Kursk Magnetic Anomaly

The Kursk Magnetic Anomaly (KMA; Russian Курская магнитная аномалия ( КМА )) is the world's largest magnetic anomaly of the magnetic field of the earth.

General

It is caused by the world's largest known iron ore basin around the city of Kursk in Russia. Store here (estimated ) 200 billion tons of ore with an average iron content between 35 and 60 percent. Thus, the magnetic needle of the compass is deflected in the area of the usual north.

The name of the Kursk magnetic anomaly is also on the iron ore deposit itself or the more than 100,000 square kilometer area in the oblasts Kursk, Belgorod and Orel, which it includes, passed.

Discovery and use history

The anomaly was first described in 1773 by the astronomer and member of the Russian Academy of Sciences Pyotr Inochodzew.

1874 began the lecturer of the University of Kazan N. Smirnov with geomagnetic measurements and 1883 iron ore deposits were from lecturer N. Pitschikow Kharkov University for the first time predicted as the cause of the anomaly.

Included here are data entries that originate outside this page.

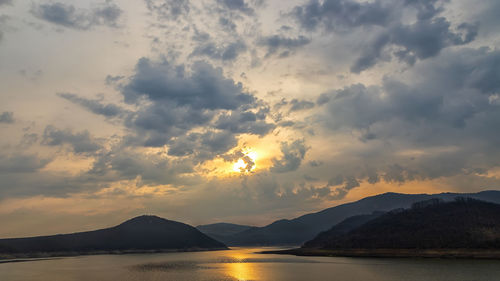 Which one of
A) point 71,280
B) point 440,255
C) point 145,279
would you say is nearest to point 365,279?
point 145,279

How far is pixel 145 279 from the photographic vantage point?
12156cm

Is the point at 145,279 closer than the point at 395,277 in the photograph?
No

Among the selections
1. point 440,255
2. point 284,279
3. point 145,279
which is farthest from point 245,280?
point 440,255

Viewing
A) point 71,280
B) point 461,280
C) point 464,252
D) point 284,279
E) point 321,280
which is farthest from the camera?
point 464,252

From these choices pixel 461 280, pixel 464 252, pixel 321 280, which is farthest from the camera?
pixel 464 252

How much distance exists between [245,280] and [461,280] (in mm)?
55642

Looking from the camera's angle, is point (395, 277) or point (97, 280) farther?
point (97, 280)

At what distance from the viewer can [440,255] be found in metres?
200

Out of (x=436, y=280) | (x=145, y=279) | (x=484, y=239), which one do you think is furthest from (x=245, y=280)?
(x=484, y=239)

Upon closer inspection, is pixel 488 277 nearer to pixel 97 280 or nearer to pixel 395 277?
pixel 395 277

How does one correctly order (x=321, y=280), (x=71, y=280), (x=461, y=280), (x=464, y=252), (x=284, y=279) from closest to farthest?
1. (x=461, y=280)
2. (x=321, y=280)
3. (x=284, y=279)
4. (x=71, y=280)
5. (x=464, y=252)

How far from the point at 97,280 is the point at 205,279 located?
33073 mm

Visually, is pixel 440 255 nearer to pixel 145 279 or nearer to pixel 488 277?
pixel 488 277

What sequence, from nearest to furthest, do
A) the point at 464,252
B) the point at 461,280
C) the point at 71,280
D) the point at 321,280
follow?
the point at 461,280
the point at 321,280
the point at 71,280
the point at 464,252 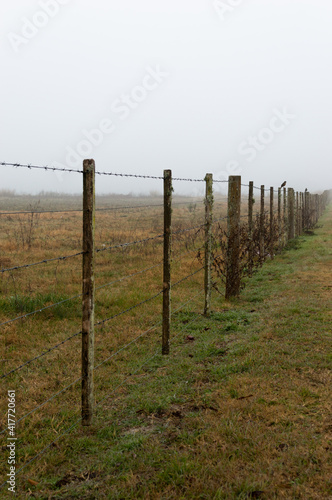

Work in this direction have been up to the First World War, in particular from the German - Baltic Ernst Leist (1852-1918), a physicist at the University of Moscow performed.

For detailed geological investigations, it came only in the 1920s, led by a state commission under the geologist Ivan Gubkin.

The first iron ore was found on 7 April 1923 in the vicinity of the city Schtschigry at a depth of 167 meters, the first mineable ore in 1931.

1935, the trial underground mining, the large scale production in the opencast mines, however, did not begin until the 1950s. The first enrichment plant commenced operation in 1956.

The largest mining today is Lebedinski at Gubkin with a depth of 350 meters ( sole so about 150 meters below sea level), from which since 1971 already more than a billion tons of iron ore were promoted.